(Given data):
----

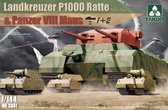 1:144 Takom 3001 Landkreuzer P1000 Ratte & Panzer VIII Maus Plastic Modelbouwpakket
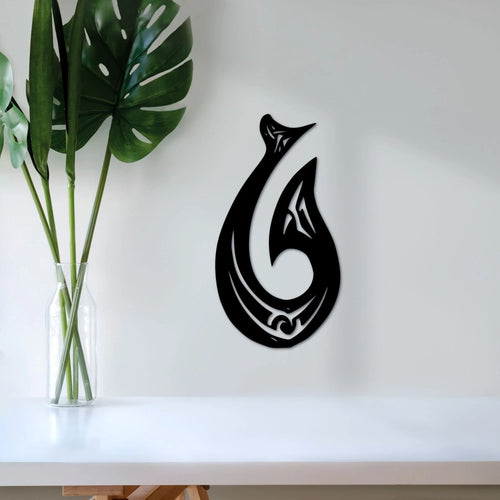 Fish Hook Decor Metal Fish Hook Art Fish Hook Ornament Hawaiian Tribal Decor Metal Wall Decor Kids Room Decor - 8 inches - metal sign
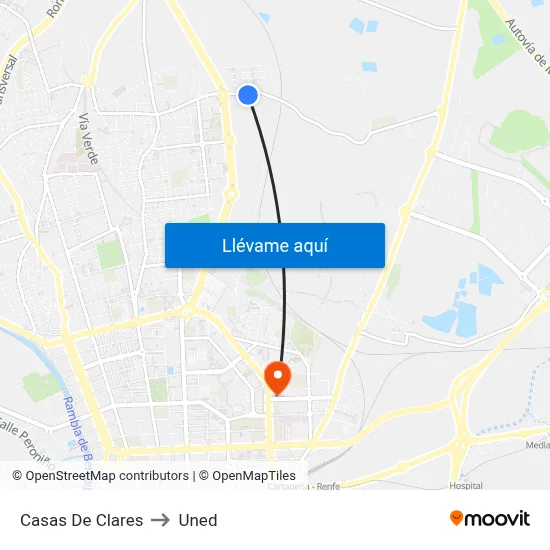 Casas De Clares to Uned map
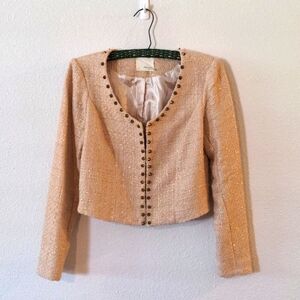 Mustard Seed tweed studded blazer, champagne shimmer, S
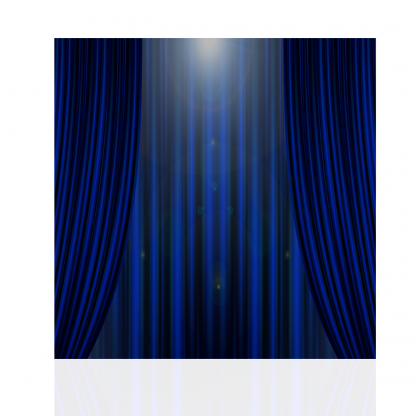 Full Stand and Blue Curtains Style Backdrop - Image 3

----

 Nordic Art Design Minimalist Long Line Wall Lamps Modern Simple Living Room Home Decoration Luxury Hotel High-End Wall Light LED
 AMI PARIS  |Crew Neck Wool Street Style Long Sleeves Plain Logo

----

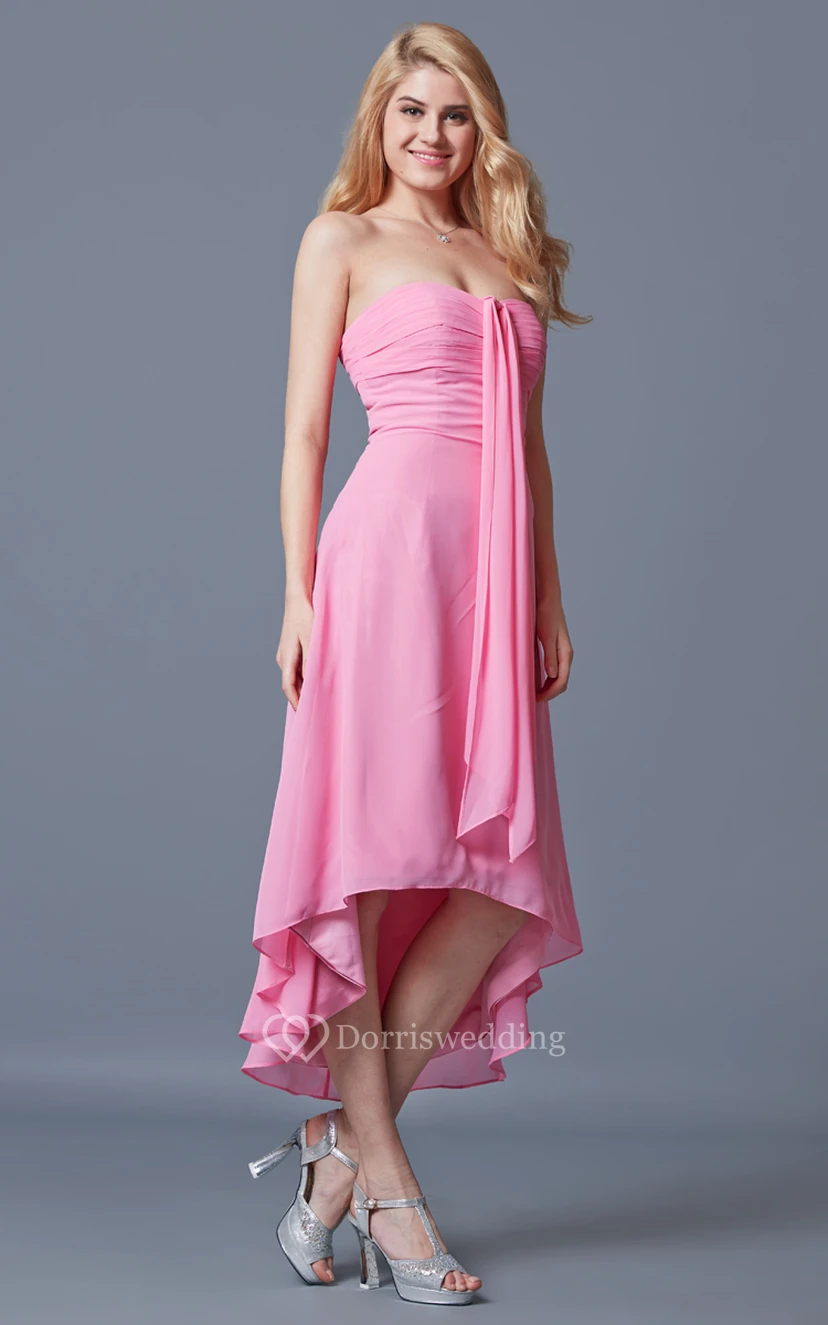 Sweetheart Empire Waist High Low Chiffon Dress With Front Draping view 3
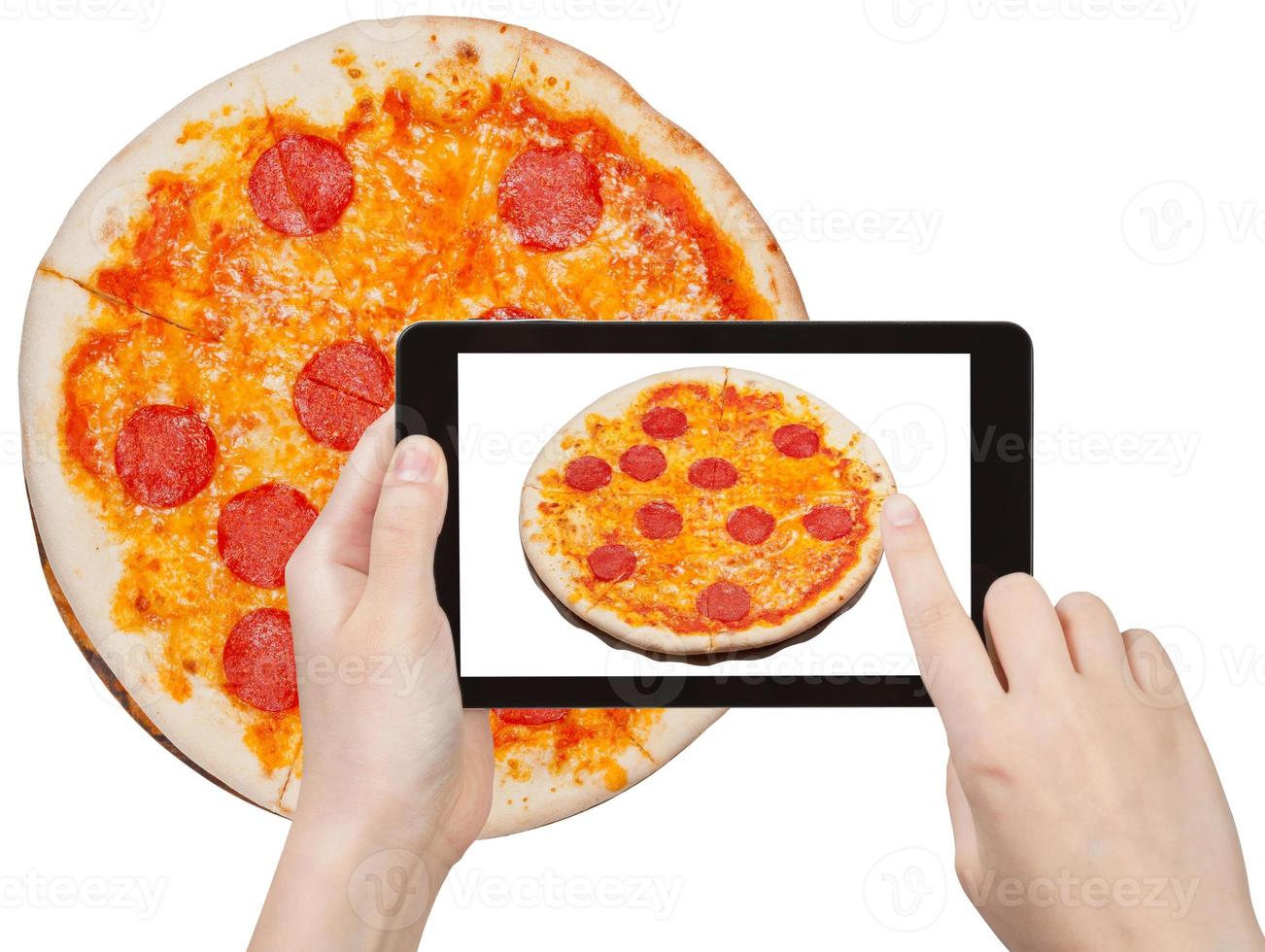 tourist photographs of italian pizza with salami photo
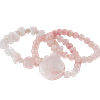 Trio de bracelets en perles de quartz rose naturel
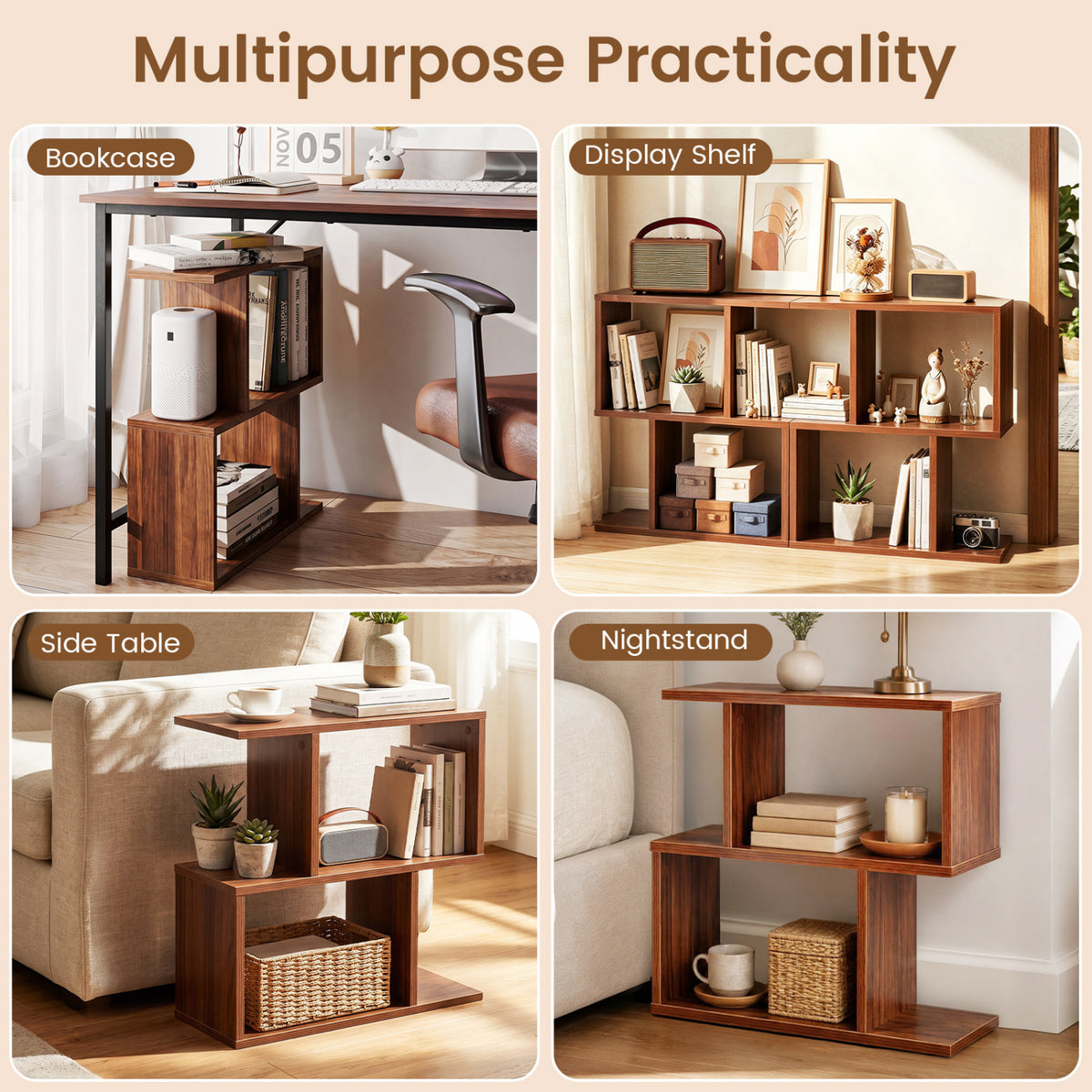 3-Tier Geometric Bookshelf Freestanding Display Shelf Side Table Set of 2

----

(Problem details):
Go back to the listing above and reproduce, exactly, the stretch from the line bearing "Mustard Seed tweed" through the line bearing "Full Stand and", without its pictures.

(Your solution):
 Mustard Seed tweed studded blazer, champagne shimmer, S
 Full Stand and Blue Curtains Style Backdrop - Image 3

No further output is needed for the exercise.